Le parti drammatiche che il Nostro recitò mantennero il carattere dell’uomo che si era abituati a vedere. Ne Il generale Della Rovere (1959), per carpire l’identità del capo partigiano confuso tra i prigionieri politici, e ricevere dal tedesco occupante la ricompensa della delazione, un avventuriero si finge generale badogliano incarcerato con i resistenti. L’abbandono dell’interesse venale, originato dalla schiavitù del gioco d’azzardo cha affligge questo informatore, il suo volgersi all’ammirazione per il sacrificio dei votati a una causa ritenuta giusta, la sua finale immolazione accolta per non tradirli, non possono mutargli il volto. Dovendo ritenere credibile il tramutarsi in martire del gaudente spregiudicato e spregevole, lo faremo in omaggio a una sua solidarietà pervasa da un bisogno di espiare, che rasenta la disperazione del suicidio; ma non persuade un suo convincimento lungimirante, per una grande consapevolezza.

Invece, riprendendo, dalla carrellata fin qui condotta, tre avvenimenti che è impossibile considerare semplici incidenti di percorso, dovremmo ricrederci. Siamo nel 1957, da qualche anno De Sica ha lasciato dietro di sé l’ultima sua creatura assai depurata della realtà: L’oro di Napoli, e lavora intensamente da comprimario, forse per poter continuare a frequentare il casinò. Le scritture non gli mancano, e annettere le scelte, di cui sto per dire, al bisogno di soldi sarebbe una supposizione gratuita.

Turi Vasile è incaricato di dirigere I colpevoli. A De Sica viene proposto un ruolo affatto minore, ed egli acconsente. Il film, che non è da cassetta, e a cui la critica metterà la sordina – oggi degnato d’una menzione distratta, nei vari dizionari di cinematografia – occupa un posto di primo piano nel filone della settima arte, e altresì nel pensiero che rileva lo stato di salute d’una nazione.

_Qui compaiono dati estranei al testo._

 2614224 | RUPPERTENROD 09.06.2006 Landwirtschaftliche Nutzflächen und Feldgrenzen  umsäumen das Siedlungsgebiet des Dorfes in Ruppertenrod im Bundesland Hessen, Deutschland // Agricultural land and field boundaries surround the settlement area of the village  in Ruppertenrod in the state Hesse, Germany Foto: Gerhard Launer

In una famiglia della degna borghesia il rampollo studente perpetra, insieme a un coetaneo, una rapina a mano armata ai danni d’un benzinaio; per avere denaro da spendere, ma, in fondo, vendicandosi della propria scontentezza, e per la carestia di ideali. A scuola, i professori sembrano attaccarsi alla severità, nel dare una diligente esecuzione al loro compito di docenti e di educatori. A casa, il padre non ha da dire che parole di correzione, con insegnamenti di una dirittura che giunge fredda al destinatario. La vicinanza materna è preoccupata, apprensiva, e non può bastare. Anche il dialogo tra i genitori è stentato, il loro rapporto finisce sulle secche dei soliti contrasti, presi in ridere alla luce grave del matrimonio, stemperati dai cari ricordi degli inizi costruttivi. Tuttavia il malessere cova.

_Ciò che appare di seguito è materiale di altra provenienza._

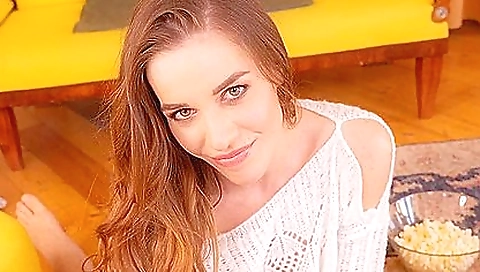 Sexy blonde babe take cliff her pussy with dildo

Rientrato nottetempo leggermente ferito, il ragazzo è costretto a confessare; prima alla mamma, che tenta, senza riuscirvi, di sottrarlo all’interrogatorio del pater familias. A lui, giudice togato, sul punto di festeggiare la promozione a coronamento della carriera, l’indipendente amichetta dei due apprendisti malviventi risponde che essi hanno agito quasi senza saperne il motivo. No, non l’hanno fatto per lei, né per nessun’altra. Davanti all’amareggiato stupore paterno, ella replica che i grandi non hanno offerto nulla in cui credere.

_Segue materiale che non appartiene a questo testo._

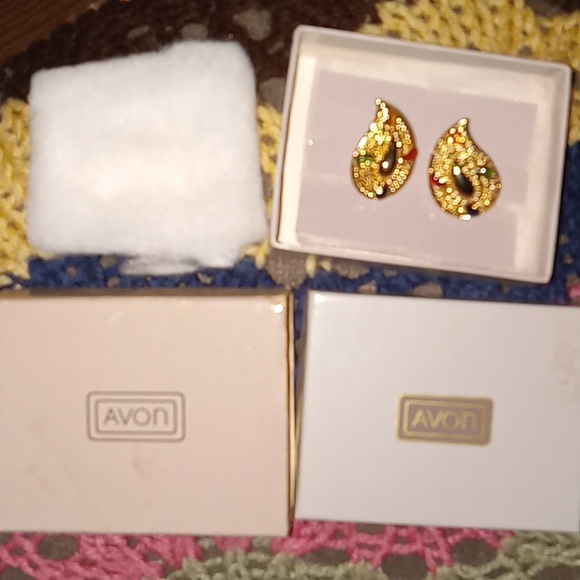 Avon Jewelry - Vintage 1986 clip on earrings named paisley colors dated with sleeve and box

Il benzinaio guarirà, il caso potrebbe restare insoluto. La madre implora, invoca l’amore di genitori, per il quale suo marito ha bisogno di stimare, a differenza di lei che ha dato è darà comunque il suo caldo affetto. Dopo qualche ripensamento, il magistrato decide di presentare le dimissioni e mette suo figlio nelle mani della giustizia. De Sica è colui che partecipa da amico di famiglia, e dà la sua assistenza come procuratore legale; riceverà anche l’incarico di difendere il giovane sbandato.

Il lavoro, tratto da un dramma di Renato Lelli, fu un campanello d’allarme per il futuro. Occorreva capire che, distrutto il regime autoritario, si erano contemporaneamente gettati via gli ideali sostanziosi, e che, senza di essi, non c’erano più giuste regole che tenessero.

Poco tempo dopo, il brav’uomo che non sa staccarsi dalla famiglia formata con la prima moglie Giuditta Rissone, mentre con la seconda compagna, Maria Mercader, da cui ha avuto due figli sin dagli anni Quaranta, riuscirà a contrarre matrimonio soltanto più tardi in Francia, questo signore che ama darsi un tono signorile, accetta di figurare da console, ma segreto comandante della Marina italiana, ad Algeciras, in una rievocazione di eroiche imprese degli incursori contro le navi inglesi nella baia sulla quale si affaccia Gibilterra. Il soggetto del film (La donna che venne dal mare), è semplice e inequivocabile. Lo dirige De Robertis, che ha seguito imperterrito il suo proposito di conservatore delle gesta nobili e generose di sommergibilisti, marinai, aviatori e cavalieri, in Russia lanciati alla carica delle postazioni difese dalle mitragliatrici. Persino la spia italiana di pochi scrupoli (un’inedita Sandra Milo) che, sotto mentite spoglie, presta aiuto ai militari subacquei, ne uscirà redenta passando attraverso l’amore per il giovane ufficiale scomparso nelle acque della baia, sconvolte dalle bombe delle motovedette britanniche.

Terzo atto: La Ciociara (1960). La guerra vi resta chiusa in un orizzonte negativo. Però si è sentito il bisogno di strappare la cortina che copre i feroci disordini delle truppe alleate. Madre e figlia stuprate dai soldati marocchini non potranno più riaversi dal male passato sopra di loro. Quale significato poteva avere riprendere le barbarie commesse – per niente episodiche, allorché venivano autorizzate dai liberatori ai combattenti di prima linea, scatenati all’assalto dei villaggi dove le retroguardie del nemico potevano attenderli al varco? A che pro, dover rivangare la colpa del regime, che aveva aperto le ostilità, per addossargli in qualche misura, oltre alle stragi di civili causate dai bombardamenti, le uccisioni e le violazioni perpetrate dagli Alleati durante la loro avanzata? Perché risvegliare echi di sciagure, su cui da tempo erano stese coltri su coltri di prudente silenzio?

Naturalmente l’attenzione di addetti ai lavori e osservatori di sponde opposte si rivolse al capolavoro del grande Vittorio, a Sofia Loren pluripremiata nella parte della madre dolente, alle scabrosità di alcune scene forti; nella contentezza generale. E fu zittito chiunque  avanzasse domande candide e indiscrete.